Location
- 320 Sycamore Street Augusta, Arkansas 72006 United States

District information
- Type: Public (government funded)
- Grades: PK–12
- NCES District ID: 0502670

Students and staff
- Students: 549
- Teachers: 60.00 (on FTE basis)
- Staff: 124.00 (on FTE basis)
- Student–teacher ratio: 9.15
- Colors: Cardinal White

Other information
- Website: www.augustasd.org

= Augusta School District (Arkansas) =

School district in Arkansas

Augusta School District is a public school district serving the communities of Augusta, Arkansas, United States. Augusta School District employs over more than 120 faculty and staff to provide educational programs for students ranging from prekindergarten through twelfth grade at its three facilities that enroll more than 500 students.

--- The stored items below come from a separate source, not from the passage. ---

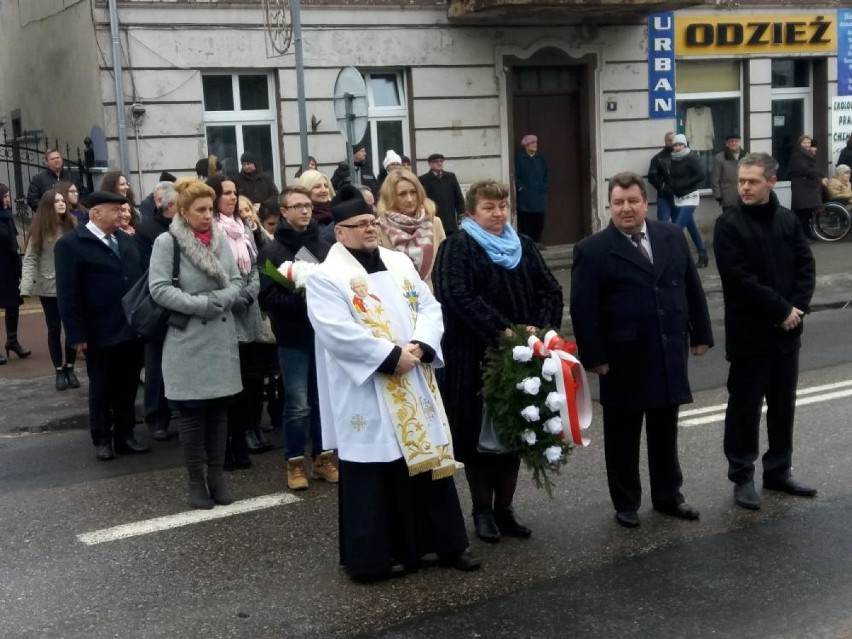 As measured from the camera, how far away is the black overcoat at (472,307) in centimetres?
588

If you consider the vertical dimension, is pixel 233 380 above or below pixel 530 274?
below

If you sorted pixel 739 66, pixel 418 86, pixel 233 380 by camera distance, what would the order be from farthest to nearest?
1. pixel 739 66
2. pixel 418 86
3. pixel 233 380

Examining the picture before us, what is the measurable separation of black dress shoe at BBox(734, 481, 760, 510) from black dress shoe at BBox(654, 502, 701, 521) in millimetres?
285

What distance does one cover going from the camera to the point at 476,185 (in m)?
6.07

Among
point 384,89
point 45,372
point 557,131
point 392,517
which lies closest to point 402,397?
point 392,517

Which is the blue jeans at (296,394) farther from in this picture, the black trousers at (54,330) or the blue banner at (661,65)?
the blue banner at (661,65)

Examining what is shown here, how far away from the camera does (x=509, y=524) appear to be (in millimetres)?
6211

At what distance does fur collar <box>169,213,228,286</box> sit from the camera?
22.4 feet

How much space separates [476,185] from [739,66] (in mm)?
16466

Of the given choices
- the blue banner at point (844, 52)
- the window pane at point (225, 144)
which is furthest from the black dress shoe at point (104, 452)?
the blue banner at point (844, 52)

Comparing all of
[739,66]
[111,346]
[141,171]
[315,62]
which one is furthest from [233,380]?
[739,66]

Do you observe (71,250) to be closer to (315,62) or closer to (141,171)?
(141,171)

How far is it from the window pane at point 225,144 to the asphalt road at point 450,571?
32.9 ft

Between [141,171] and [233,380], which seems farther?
[141,171] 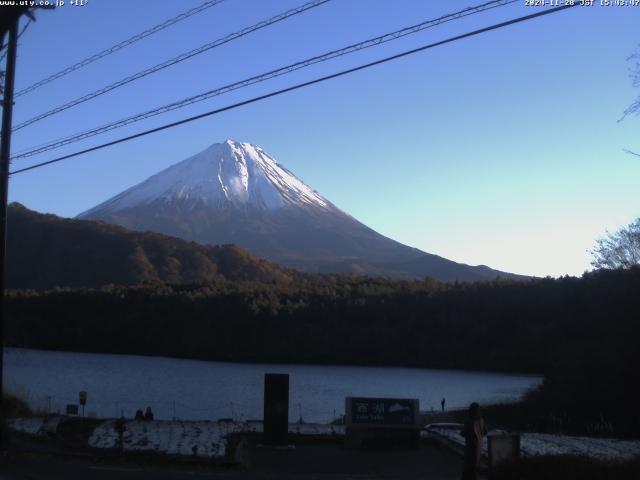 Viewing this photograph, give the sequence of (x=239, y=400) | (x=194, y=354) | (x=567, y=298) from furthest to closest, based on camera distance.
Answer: (x=194, y=354) → (x=567, y=298) → (x=239, y=400)

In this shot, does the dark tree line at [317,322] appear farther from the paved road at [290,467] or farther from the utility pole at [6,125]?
the utility pole at [6,125]

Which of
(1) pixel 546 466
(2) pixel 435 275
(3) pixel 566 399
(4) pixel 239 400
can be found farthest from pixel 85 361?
(2) pixel 435 275

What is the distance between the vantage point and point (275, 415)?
19.8 metres

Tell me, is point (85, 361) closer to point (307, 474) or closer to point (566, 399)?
point (566, 399)

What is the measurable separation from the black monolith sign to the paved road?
1.26ft

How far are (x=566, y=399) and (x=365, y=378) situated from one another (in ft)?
103

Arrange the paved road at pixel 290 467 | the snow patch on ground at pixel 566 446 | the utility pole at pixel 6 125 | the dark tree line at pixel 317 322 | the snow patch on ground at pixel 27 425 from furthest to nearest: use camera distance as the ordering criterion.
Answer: the dark tree line at pixel 317 322 < the snow patch on ground at pixel 27 425 < the snow patch on ground at pixel 566 446 < the utility pole at pixel 6 125 < the paved road at pixel 290 467

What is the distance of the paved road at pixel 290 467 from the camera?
15.6m

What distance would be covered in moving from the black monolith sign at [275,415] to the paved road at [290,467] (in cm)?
38

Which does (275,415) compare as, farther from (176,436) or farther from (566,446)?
(566,446)

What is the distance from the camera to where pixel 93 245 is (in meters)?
132

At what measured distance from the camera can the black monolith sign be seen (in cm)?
1977

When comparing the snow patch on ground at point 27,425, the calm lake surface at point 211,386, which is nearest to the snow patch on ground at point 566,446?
the snow patch on ground at point 27,425

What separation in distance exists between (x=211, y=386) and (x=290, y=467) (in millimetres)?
35751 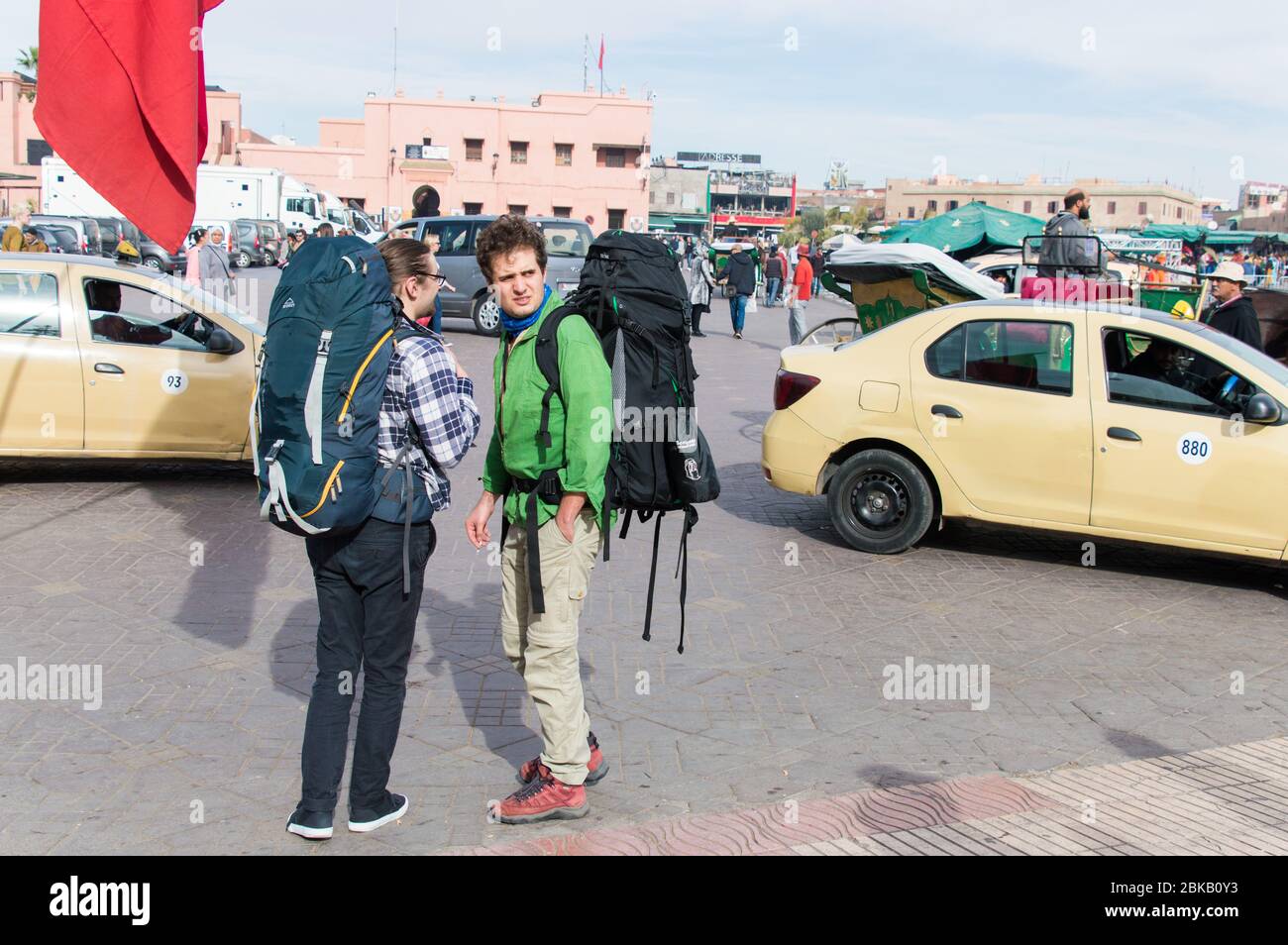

The school district encompasses 357.52 mi2 of land within Woodruff and Monroe counties including all or portions of the communities of Augusta, Cotton Plant, and Gregory.

All schools in the district are accredited by the Arkansas Department of Education.

== History ==
On July 1, 2004, the Cotton Plant School District merged into the Augusta School District.

== Schools ==
- Augusta High School (Augusta): Grades 7–12
- Augusta Elementary School (Augusta) : Grades PK–6

Closed:
- Cotton Plant Elementary School (Cotton Plant) : Grades PK–4 - In 2014 the Augusta school district planned to close Cotton Plant Elementary and the Arkansas Department of Education (ADE) approved the closure.